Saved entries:
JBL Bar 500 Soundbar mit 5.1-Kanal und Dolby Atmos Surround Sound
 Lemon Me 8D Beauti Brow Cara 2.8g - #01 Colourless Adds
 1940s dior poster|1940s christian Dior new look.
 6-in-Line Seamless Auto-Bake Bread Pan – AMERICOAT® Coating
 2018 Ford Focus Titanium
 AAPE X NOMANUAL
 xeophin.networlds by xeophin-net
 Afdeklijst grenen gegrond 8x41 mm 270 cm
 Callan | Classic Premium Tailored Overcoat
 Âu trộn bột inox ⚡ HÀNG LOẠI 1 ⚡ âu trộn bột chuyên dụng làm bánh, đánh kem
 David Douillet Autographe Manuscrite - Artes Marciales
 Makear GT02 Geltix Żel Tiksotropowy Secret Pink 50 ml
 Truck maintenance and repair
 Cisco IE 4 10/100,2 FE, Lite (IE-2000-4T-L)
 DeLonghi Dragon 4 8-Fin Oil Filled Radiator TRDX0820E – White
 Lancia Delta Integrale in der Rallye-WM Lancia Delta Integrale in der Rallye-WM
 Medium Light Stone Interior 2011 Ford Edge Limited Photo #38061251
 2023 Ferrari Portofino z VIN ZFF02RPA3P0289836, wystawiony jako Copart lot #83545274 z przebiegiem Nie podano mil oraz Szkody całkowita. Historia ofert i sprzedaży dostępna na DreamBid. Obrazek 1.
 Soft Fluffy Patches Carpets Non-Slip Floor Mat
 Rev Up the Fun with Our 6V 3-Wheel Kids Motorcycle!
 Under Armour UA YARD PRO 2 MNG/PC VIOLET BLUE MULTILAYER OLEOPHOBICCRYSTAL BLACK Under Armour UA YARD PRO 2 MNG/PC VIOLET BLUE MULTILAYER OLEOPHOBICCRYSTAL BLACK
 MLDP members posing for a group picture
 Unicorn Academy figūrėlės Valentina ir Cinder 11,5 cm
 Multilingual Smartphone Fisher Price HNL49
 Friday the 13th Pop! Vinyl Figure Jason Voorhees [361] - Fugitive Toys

● Task directions
Retype all of the records above without a single alteration.

● Response for this exercise
JBL Bar 500 Soundbar mit 5.1-Kanal und Dolby Atmos Surround Sound
 Lemon Me 8D Beauti Brow Cara 2.8g - #01 Colourless Adds
 1940s dior poster|1940s christian Dior new look.
 6-in-Line Seamless Auto-Bake Bread Pan – AMERICOAT® Coating
 2018 Ford Focus Titanium
 AAPE X NOMANUAL
 xeophin.networlds by xeophin-net
 Afdeklijst grenen gegrond 8x41 mm 270 cm
 Callan | Classic Premium Tailored Overcoat
 Âu trộn bột inox ⚡ HÀNG LOẠI 1 ⚡ âu trộn bột chuyên dụng làm bánh, đánh kem
 David Douillet Autographe Manuscrite - Artes Marciales
 Makear GT02 Geltix Żel Tiksotropowy Secret Pink 50 ml
 Truck maintenance and repair
 Cisco IE 4 10/100,2 FE, Lite (IE-2000-4T-L)
 DeLonghi Dragon 4 8-Fin Oil Filled Radiator TRDX0820E – White
 Lancia Delta Integrale in der Rallye-WM Lancia Delta Integrale in der Rallye-WM
 Medium Light Stone Interior 2011 Ford Edge Limited Photo #38061251
 2023 Ferrari Portofino z VIN ZFF02RPA3P0289836, wystawiony jako Copart lot #83545274 z przebiegiem Nie podano mil oraz Szkody całkowita. Historia ofert i sprzedaży dostępna na DreamBid. Obrazek 1.
 Soft Fluffy Patches Carpets Non-Slip Floor Mat
 Rev Up the Fun with Our 6V 3-Wheel Kids Motorcycle!
 Under Armour UA YARD PRO 2 MNG/PC VIOLET BLUE MULTILAYER OLEOPHOBICCRYSTAL BLACK Under Armour UA YARD PRO 2 MNG/PC VIOLET BLUE MULTILAYER OLEOPHOBICCRYSTAL BLACK
 MLDP members posing for a group picture
 Unicorn Academy figūrėlės Valentina ir Cinder 11,5 cm
 Multilingual Smartphone Fisher Price HNL49
 Friday the 13th Pop! Vinyl Figure Jason Voorhees [361] - Fugitive Toys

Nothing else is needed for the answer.